At one point, Nick casually turns on the radio; but in 1922, radio was experimental. The first commercial AM radio broadcast in New York did not happen until a few years later. Gatsby might have had a radio as a toy, but seeing one in poor working stiff Nick’s rented cottage changes my understanding of Nick’s character. In 1922, a radio would have been an excessive yuppie purchase.
It was jarring to see a room full of professional dancers (who are supposed to be random drunken socialites) perform the Charleston in perfect synch with each other. The dance was actually popularized by a 1923 Broadway musical; “everyone” wouldn’t have been able to do it at that level of precision in1922. Of course, I recognize that the party scenes were filmed like a fantasy sequence, and that we are seeing it all through Nick’s memory after the whole thing is over, but the anachronism still hurt my willingness to suspend disbelief.
My dissertation explored representations of technology in American drama from 1920-1950, so I looked up the importance of the radio Stanley throws out of the window in A Streetcar Named Desire, the car Willy Loman drives and the fountain pen Biff steals in Death of a Salesman.
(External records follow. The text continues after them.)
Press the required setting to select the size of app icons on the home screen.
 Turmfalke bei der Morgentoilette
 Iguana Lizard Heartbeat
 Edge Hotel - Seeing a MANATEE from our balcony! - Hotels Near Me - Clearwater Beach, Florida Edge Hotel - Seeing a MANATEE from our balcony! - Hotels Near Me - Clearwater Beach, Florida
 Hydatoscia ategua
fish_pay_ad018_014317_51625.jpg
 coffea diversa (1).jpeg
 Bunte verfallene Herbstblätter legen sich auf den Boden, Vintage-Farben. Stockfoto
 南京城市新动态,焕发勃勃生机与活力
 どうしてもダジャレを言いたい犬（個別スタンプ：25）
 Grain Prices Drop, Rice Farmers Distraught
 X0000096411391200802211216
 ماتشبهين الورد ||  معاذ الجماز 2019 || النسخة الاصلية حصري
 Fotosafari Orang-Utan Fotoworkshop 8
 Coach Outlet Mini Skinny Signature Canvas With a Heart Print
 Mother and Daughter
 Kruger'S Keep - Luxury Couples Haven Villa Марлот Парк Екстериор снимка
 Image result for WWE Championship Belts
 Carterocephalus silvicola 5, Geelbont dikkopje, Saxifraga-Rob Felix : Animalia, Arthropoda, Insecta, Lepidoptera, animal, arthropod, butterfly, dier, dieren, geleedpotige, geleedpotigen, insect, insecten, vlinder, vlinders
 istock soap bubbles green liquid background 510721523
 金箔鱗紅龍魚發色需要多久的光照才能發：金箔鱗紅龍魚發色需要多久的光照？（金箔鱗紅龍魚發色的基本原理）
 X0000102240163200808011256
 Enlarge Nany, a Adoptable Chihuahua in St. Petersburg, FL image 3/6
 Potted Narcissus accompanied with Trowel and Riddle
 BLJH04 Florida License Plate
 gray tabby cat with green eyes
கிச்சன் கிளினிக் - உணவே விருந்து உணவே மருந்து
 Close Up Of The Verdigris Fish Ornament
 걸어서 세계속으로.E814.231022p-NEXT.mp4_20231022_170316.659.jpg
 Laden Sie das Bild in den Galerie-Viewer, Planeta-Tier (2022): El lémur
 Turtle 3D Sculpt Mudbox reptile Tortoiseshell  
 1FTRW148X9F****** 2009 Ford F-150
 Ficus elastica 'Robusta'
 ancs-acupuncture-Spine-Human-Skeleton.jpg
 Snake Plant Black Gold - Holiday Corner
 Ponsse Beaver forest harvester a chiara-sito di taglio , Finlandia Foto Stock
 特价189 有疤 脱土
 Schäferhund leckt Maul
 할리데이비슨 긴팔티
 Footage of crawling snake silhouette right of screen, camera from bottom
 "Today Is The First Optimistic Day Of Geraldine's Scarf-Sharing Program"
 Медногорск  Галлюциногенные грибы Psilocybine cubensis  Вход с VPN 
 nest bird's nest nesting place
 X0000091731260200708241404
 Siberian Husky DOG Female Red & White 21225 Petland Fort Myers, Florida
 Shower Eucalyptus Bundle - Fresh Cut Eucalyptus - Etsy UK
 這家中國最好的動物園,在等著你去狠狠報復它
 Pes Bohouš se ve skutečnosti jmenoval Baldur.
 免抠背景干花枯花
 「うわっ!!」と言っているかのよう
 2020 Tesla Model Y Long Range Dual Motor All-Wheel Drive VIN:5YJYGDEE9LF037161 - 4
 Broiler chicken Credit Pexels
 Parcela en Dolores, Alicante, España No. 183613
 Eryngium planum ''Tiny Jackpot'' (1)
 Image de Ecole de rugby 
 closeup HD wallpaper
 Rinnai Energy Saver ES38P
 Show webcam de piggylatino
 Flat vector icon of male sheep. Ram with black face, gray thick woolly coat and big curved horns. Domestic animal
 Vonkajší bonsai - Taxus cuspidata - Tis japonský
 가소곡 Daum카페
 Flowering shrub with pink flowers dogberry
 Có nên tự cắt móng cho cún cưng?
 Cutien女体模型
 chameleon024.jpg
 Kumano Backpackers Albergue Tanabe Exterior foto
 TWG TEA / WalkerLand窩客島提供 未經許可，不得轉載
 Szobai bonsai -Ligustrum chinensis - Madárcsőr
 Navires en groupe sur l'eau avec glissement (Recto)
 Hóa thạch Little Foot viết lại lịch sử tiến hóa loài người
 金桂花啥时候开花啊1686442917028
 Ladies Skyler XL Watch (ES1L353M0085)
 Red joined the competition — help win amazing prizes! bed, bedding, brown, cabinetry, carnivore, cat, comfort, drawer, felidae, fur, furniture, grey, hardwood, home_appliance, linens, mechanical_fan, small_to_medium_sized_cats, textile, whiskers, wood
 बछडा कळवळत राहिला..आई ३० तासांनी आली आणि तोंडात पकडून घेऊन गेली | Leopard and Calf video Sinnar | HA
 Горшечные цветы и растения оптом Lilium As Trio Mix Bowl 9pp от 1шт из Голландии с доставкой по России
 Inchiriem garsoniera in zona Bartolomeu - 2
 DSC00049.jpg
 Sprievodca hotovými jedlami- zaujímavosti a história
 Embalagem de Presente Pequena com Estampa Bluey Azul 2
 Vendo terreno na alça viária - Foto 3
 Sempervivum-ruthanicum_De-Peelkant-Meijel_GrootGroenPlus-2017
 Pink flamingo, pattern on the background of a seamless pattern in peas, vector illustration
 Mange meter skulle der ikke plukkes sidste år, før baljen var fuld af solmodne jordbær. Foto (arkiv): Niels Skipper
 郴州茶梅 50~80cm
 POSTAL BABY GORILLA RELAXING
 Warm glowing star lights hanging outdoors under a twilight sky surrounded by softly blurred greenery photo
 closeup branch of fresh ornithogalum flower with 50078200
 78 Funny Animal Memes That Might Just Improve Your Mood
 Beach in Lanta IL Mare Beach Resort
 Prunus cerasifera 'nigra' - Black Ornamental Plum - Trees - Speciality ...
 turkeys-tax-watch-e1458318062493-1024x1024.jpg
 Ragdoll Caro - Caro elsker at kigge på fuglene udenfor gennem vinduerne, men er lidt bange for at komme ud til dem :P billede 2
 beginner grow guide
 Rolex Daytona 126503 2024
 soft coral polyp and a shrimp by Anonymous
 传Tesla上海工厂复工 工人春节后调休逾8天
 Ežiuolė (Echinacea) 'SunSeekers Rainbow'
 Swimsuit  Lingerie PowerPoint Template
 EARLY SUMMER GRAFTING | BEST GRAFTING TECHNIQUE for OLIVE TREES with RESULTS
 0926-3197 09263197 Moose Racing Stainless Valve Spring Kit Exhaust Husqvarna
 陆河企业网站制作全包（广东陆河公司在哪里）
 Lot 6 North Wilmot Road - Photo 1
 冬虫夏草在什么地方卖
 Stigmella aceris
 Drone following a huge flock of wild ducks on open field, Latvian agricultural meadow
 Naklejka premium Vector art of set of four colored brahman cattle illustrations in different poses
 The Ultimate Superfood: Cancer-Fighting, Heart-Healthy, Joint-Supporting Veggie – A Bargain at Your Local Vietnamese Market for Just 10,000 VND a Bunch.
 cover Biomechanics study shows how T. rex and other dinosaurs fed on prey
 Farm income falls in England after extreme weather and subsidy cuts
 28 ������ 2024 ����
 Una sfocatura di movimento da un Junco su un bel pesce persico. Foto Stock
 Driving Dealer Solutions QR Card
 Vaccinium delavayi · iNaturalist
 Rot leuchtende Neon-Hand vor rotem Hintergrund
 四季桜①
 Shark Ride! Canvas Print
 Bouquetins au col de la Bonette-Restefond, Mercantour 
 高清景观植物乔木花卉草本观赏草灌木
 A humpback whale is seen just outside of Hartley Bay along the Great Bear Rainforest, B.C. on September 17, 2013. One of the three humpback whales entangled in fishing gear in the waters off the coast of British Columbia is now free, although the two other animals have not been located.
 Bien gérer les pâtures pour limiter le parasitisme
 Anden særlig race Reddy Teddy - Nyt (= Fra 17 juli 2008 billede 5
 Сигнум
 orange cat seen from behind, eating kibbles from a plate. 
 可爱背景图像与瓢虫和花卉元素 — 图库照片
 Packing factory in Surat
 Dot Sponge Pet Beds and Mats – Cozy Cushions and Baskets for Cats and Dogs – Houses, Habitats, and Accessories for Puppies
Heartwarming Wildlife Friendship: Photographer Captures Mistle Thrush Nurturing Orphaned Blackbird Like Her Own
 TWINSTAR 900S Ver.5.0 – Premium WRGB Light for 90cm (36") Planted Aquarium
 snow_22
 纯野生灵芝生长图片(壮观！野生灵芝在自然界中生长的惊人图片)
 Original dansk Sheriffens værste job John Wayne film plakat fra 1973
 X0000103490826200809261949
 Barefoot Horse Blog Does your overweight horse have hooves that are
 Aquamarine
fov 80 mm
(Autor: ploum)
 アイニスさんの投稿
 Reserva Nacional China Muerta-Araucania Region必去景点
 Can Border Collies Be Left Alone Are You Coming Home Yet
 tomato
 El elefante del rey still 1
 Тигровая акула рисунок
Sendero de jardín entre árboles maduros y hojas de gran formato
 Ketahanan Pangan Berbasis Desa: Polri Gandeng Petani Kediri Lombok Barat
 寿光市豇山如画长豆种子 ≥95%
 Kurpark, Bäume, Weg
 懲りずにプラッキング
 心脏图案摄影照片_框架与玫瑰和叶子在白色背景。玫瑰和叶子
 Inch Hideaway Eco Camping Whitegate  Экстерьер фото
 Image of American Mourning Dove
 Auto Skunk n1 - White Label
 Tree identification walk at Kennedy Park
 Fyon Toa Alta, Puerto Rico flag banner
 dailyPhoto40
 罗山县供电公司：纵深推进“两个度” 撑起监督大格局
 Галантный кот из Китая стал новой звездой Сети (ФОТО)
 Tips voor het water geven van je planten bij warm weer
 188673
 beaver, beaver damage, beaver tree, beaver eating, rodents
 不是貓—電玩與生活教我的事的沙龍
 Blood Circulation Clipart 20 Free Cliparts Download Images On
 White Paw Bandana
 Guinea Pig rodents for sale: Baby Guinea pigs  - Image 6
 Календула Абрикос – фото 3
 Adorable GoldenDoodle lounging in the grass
I appreciate when a filmmaker goes to the extra trouble to get the setting right — and I notice when the filmmaker doesn’t give a damn.
I did like the casting, and though I disliked the framing narrative, I recognize the screenwriter’s need to compress scenes and create new dialogue to dramatize scenes that were only loosely described in the narrative (it was clever to lift lines from other Fitzgerald works). Still, I’d have rather seen this as a play — the CGI and the added car chases and the on-screen textual gimmicks (words from letters floating in the air a la the text messages in Sherlock, or words fluttering away like snowflakes) were part of the world Nick rejected as shallow and meaningless, but they are part of the very fabric of the storytelling that’s supposed to captivate the audience with spectacle.